Poor guy. Hopefully he won’t be re-tried. If so, though, he’s got solid evidence in his corner.


----------



## skerzoid (Feb 7, 2017)

Yes, I watched that one too. And the state of Missouri is considering retrying him. FUBAR!


----------



## Chuck71 (Nov 5, 2012)

I'd be suing the state..... you'll never get those eight years back. Lost wages, family thinks he did it,

lost home, everything. If he returns to his hometown, he wouldn't even get hired at McDs.


----------



## TAMAT (Jun 20, 2015)

And my guess is that the boss is serial cheater who has done this to a number of other families, so she killed herself over an OM who didn't really love her.

Too bad his WW didn't shoot the boss first.

Tamat


----------



## Satya (Jun 22, 2012)

Here's the dateline episode
https://www.nbc.com/dateline/video/a-crack-in-everything/3691233


----------



## ABHale (Jan 3, 2016)

Sue on the grounds of suppression of evidence? Is that even possible?


----------



## arbitrator (Feb 13, 2012)

skerzoid said:


> Yes, I watched that one too. And the state of Missouri is considering retrying him. FUBAR!

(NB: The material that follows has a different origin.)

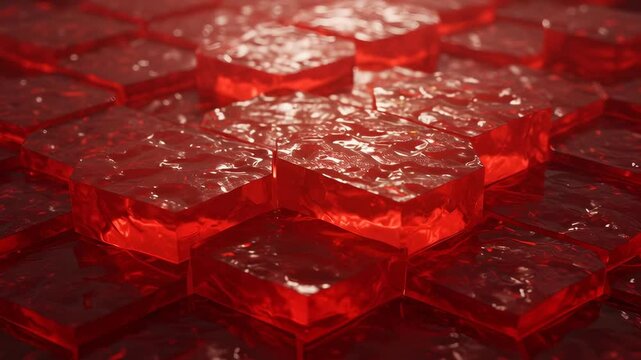 Red Translucent Cubes Arranged in Hexagonal Pattern Lit from Behind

*They're only wanting to retry him because the State of Missouri doesn't want to have to immediately shell out some 7 figures to the wrongfully convicted man for malicious or flippant prosecution!

Most states have hefty insurance policies in place to pay off such restitution claims, but if it's ever used, the insurance companies can astronomically raise the state's insurance premium rates and can have the right to subrograte against either the state or its prosecutors in a civil court; and if the state can prove malice and aforethought, they can then have these same prosecutors indicted and tried in either a Federal or State criminal court setting!

Do the State and the aggrieved a severe favor! Drop the case, profusely apologize, and pay him every red cent of what he's due before such time that you find yourself sitting over in the defendants chair, being thoroughly grilled by a team of Federal Prosecutors who will have you standing trial for criminally violating another persons civil rights!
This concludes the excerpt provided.